Data listing:
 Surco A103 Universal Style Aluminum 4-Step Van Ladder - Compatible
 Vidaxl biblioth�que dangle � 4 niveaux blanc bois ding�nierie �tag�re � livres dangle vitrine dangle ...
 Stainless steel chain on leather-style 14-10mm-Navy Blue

...

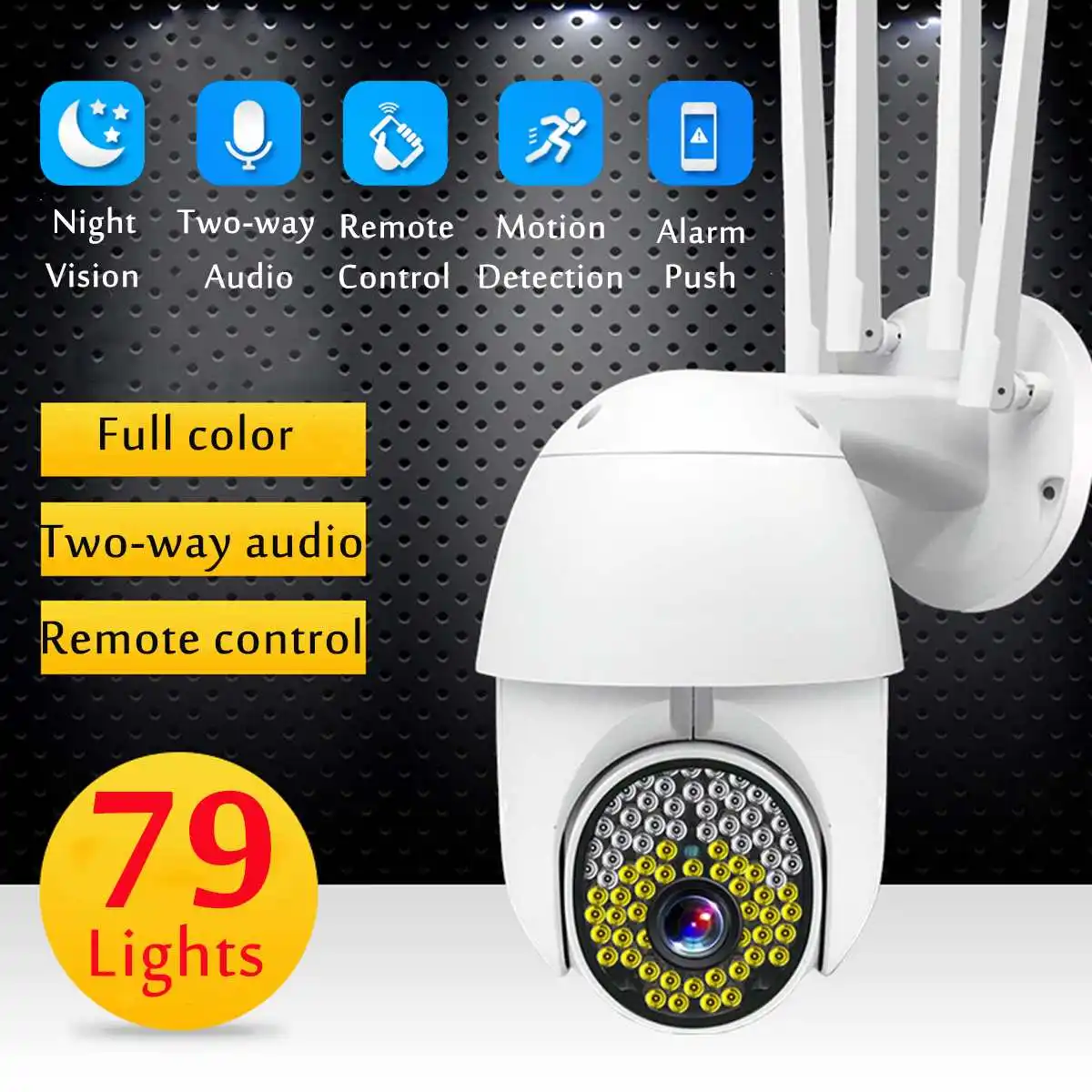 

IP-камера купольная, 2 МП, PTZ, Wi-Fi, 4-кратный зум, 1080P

About this exercise: Lines wanted from the listing above: the line with "Surco A103 Universal" up to and including the line with "Stainless steel chain". Please write them out exactly, adding nothing else.

Solved problem:
 Surco A103 Universal Style Aluminum 4-Step Van Ladder - Compatible
 Vidaxl biblioth�que dangle � 4 niveaux blanc bois ding�nierie �tag�re � livres dangle vitrine dangle ...
 Stainless steel chain on leather-style 14-10mm-Navy Blue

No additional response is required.